The material below holds pictures, which are to be left out; copy exactly the lines from the one with "Image of Soldiers" through the one with "Conversano castle at".

• _Extracted data_:
-=-=-=-=-
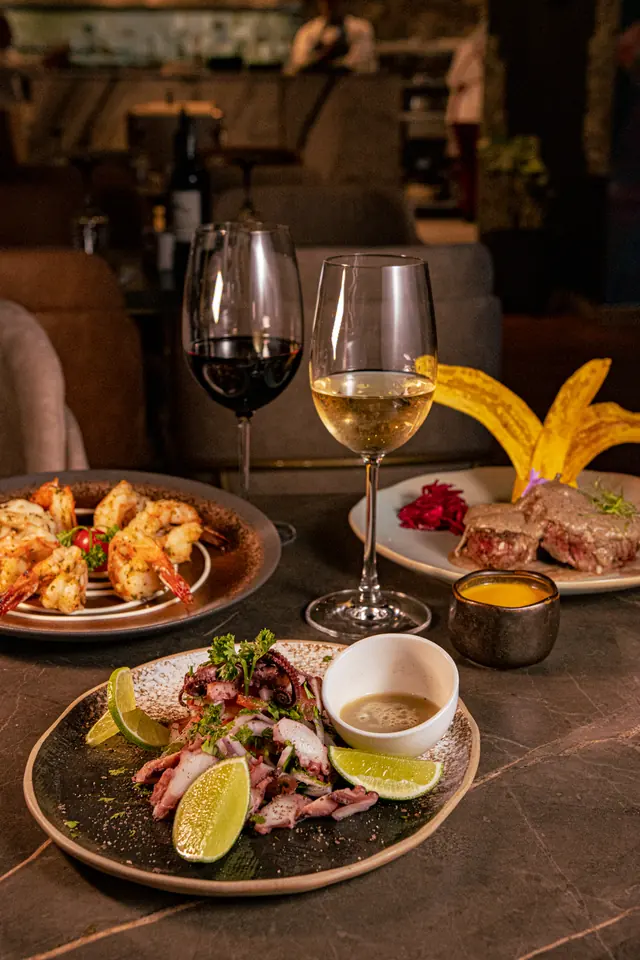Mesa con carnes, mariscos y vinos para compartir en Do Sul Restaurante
-=-=-=-=-
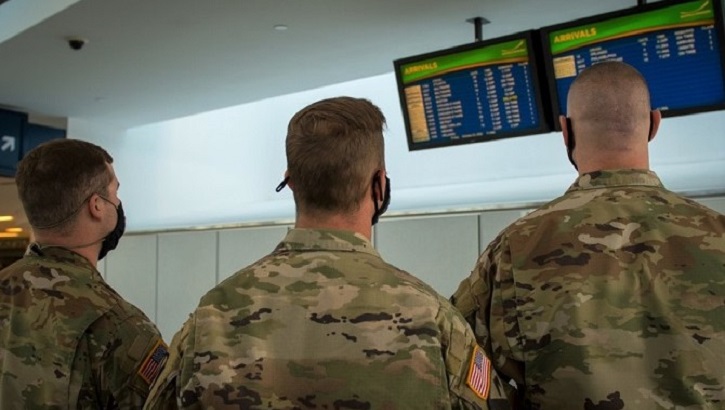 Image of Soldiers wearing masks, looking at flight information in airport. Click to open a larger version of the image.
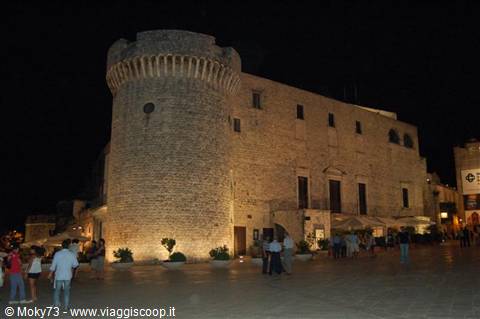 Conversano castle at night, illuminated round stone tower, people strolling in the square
-=-=-=-=-
• _Solution for this exercise_:
 Image of Soldiers wearing masks, looking at flight information in airport. Click to open a larger version of the image.
 Conversano castle at night, illuminated round stone tower, people strolling in the square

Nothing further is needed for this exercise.